Solve contradictions by SEPARATING & the 40 TIPS

Bad Solutions/Technical Contradictions are solved using the TIPS suggested by
the TRIZ Contradiction Matrix, which highlights about 4-10 Principles which have solved similar contradictions. A Bad Solution often has the word but in describing the downside of the solution, for example I make something stronger BUT it gets heavier.

To solve Opposites/Physical Contradictions we use the Separation Principles
(or prompts). These direct us to one of four relevant subsets of the 40 TIPS. The
word AND often appears in the description.
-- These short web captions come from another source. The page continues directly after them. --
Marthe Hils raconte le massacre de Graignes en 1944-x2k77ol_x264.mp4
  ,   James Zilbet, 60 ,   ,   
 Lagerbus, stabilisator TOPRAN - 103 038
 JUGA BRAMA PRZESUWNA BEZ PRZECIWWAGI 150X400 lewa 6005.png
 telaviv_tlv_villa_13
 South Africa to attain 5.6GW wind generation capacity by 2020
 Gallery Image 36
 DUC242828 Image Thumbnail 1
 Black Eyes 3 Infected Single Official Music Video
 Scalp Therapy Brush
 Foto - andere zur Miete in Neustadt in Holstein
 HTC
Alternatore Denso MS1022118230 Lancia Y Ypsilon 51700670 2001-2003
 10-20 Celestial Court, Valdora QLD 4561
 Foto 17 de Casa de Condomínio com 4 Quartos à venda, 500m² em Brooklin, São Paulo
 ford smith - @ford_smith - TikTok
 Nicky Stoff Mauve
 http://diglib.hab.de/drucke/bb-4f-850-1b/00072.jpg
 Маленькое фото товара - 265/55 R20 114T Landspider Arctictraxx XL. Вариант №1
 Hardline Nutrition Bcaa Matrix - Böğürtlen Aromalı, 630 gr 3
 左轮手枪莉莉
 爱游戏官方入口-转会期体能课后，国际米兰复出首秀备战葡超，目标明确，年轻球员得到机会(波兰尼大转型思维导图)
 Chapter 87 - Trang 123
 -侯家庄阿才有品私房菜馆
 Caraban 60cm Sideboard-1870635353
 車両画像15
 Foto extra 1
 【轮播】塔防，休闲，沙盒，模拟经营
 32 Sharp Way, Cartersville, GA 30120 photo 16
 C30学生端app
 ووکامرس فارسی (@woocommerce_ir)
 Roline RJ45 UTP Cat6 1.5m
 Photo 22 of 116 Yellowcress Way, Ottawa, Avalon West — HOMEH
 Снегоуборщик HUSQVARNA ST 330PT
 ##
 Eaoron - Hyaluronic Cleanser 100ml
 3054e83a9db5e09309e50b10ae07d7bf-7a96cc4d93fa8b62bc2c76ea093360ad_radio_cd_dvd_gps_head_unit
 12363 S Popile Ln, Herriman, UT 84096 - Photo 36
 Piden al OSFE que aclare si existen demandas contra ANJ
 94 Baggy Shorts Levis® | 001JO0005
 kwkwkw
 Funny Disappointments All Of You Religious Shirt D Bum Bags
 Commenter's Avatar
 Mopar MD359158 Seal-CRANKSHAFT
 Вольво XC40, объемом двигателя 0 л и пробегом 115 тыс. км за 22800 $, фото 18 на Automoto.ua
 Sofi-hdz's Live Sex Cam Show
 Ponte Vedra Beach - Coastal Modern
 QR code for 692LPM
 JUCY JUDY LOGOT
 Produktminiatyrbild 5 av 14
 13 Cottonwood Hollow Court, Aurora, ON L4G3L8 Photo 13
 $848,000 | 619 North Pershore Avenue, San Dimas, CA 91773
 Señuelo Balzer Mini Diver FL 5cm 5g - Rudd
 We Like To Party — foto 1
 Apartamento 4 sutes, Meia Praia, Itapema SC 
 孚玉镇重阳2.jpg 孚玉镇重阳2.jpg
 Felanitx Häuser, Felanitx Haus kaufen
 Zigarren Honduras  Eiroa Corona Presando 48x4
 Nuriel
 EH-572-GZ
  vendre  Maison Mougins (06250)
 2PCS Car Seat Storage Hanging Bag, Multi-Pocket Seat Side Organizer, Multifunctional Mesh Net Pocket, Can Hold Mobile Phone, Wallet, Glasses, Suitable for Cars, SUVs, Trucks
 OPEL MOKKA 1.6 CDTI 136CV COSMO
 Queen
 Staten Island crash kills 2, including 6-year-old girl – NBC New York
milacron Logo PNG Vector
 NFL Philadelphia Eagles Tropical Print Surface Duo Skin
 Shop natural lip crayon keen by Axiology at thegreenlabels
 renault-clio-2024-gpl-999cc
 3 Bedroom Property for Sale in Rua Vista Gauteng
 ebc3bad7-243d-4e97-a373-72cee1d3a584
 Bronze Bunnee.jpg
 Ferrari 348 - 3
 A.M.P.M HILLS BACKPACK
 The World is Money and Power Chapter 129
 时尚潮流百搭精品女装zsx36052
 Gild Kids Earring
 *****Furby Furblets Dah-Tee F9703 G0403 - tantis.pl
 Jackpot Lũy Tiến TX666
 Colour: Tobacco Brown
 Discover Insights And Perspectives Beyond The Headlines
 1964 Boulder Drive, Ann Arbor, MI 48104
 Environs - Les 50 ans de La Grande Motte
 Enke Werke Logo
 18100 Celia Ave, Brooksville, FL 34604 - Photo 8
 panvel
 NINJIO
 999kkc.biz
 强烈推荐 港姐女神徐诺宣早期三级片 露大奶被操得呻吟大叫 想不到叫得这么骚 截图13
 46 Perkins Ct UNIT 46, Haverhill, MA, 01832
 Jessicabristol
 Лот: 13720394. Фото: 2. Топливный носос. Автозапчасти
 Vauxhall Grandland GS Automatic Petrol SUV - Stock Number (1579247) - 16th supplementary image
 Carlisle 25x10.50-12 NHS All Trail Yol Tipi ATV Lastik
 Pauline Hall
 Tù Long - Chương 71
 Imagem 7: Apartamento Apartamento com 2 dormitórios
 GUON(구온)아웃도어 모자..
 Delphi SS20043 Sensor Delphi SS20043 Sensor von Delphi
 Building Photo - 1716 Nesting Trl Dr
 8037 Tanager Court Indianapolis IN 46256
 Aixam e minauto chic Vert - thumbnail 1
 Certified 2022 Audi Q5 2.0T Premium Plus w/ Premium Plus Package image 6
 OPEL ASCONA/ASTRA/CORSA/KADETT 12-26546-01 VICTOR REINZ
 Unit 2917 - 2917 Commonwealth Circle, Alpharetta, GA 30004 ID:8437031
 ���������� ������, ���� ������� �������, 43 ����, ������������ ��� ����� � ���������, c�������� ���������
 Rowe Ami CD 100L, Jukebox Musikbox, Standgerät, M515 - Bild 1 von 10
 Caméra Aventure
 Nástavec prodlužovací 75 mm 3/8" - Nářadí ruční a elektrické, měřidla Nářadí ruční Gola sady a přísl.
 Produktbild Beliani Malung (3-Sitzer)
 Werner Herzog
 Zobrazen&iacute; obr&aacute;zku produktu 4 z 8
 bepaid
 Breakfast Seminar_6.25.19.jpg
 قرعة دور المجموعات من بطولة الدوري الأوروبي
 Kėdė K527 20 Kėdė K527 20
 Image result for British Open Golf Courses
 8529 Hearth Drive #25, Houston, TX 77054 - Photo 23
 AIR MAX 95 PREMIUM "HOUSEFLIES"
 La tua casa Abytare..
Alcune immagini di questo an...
Separation Principles prompts us with simple questions asking do we want these opposites...

  1. At the same TIME? (umbrella – Big and Small)

  2. In the same SPACE? (plate – Hot in middle and cold at rim)

  3. On CONDITION. Opposite conditions for different elements/same time and space (sieve – catches pasta and allows water through)

  4. SCALE - the same system level? (Bike chain - rigid at subsystem and flexible at system level)

These amazing questions clear the mental mists and together with the relevant subset of the 40 TIPS usually reveal clear ways forward to clever, innovative answers.

To separate in time ask WHEN or at what stages do we want the opposite features – when do we want a small or BIG umbrella? There are 17 TIPS which help our thinking giving us all known solution triggers to achieve both.

Similarly, a telescopic board pointer is long and short at different times.
12 TIPS guide us to all the ways the world knows to deliver opposite solutions at the same time but in different places. A plate which is both hot and cold shows this. To separate in space ask WHERE do we want these opposites?

However, if our opposites are coincident and therefore at the same time, place and level then we can separate them on condition. A simple example of this is a security check which lets some people through but not others, or a restaurant which only welcomes certain customers. Separate on condition offers 8 of the 40 TIPS to see how to apply different rules under different conditions.

 

These prompts stop the team looking to reduce both the creativity and control in a weak compromise by pushing them together and blending these opposites. Instead by using the Separation Prompts we pull them further apart to deliver as much creativity and control as is needed in the right times places and under the perfect conditions.